Ma il caso più eclatante è quello che va sotto il nome di Teapot Dome, che, come quello del Watergate esploso cinquant’anni dopo, diventò la parola chiave per definire un’epoca di corruzione governativa. “Teapot Dome” era un giacimento di petrolio in terra federale che avrebbe dovuto essere amministrato dal Ministero degli Interni, alla cui guida era l’Albert B. Fall, già citato. Questi fece in modo di concedere lo sfruttamento a società private, adducendo il pretesto che i contratti erano stati fatti nell’interesse del Governo. Cose che, dalle nostre parti, si sentono dire spesso, anche a Lodi, a 20 chilometri da Milano. I sospetti aumentarono quando, improvvisamente Fall cominciò a vivere da nababbo. Ad Harding stesso fu risparmiata l’umiliazione di una denuncia pubblica. A questo punto si dice che abbia pronunciato la famosa frase: “Dio mio è un mestiere infernale! Non sono i nemici a mettermi in difficoltà; da loro mi posso difendere benissimo. Ma i miei maledetti amici! I miei stramaledetti amici! Sono loro a non farmi dormire di notte!”

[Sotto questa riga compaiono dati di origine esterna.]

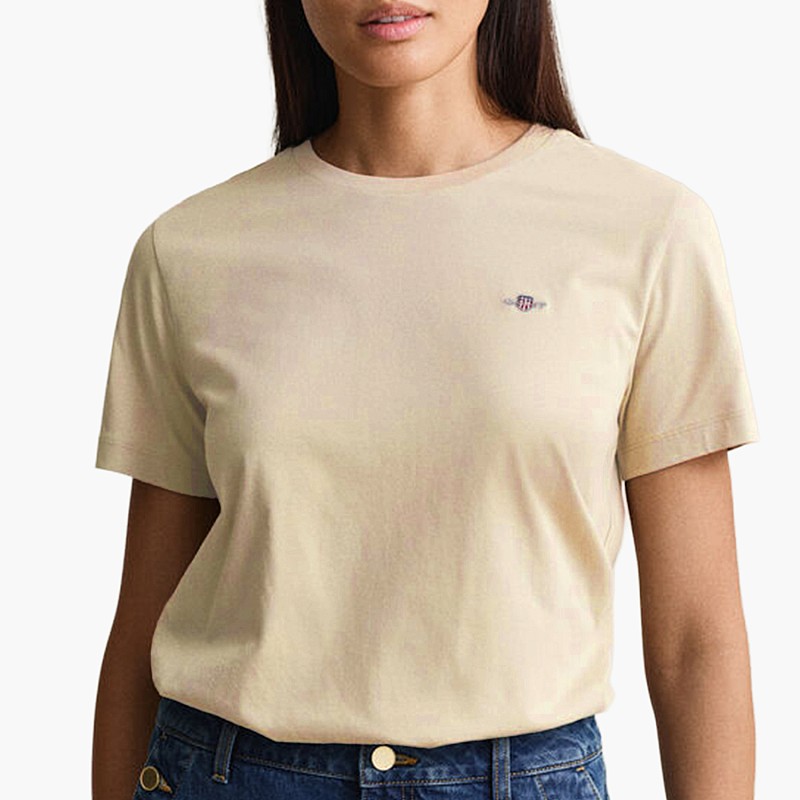 GANT Shield.Rs Γυνακεία Μπλούζα - Τοπ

Nel giugno del 1923 partì per quello che sarebbe stato il suo ultimo viaggio, un giro di comizi nel Sud. Ebbe un infarto e dopo una sosta in un albergo a San Francisco, morì. Trasportato nell’Ohio, milioni di cittadini si schierarono lungo il percorso per onorare il presidente scomparso. Alla lunga, comunque, il dolore si trasformò in disprezzo e in disgusto. Per quasi dieci anni dopo la morte di Harding, davanti alle commissioni congressuali e poi ai tribunali, ci furono rivelazioni scandalose sui funzionari della sua amministrazione. Si venne a sapere di relazione amorose di Harding con numerose amanti. Come risultato di simili scappatelle amorose e di amicizie con persone corrotte, l’amministrazione di Harding fu vista come una delle peggiori della storia americana. In attesa che l’eventuale amministrazione Trump gli strappi il primato.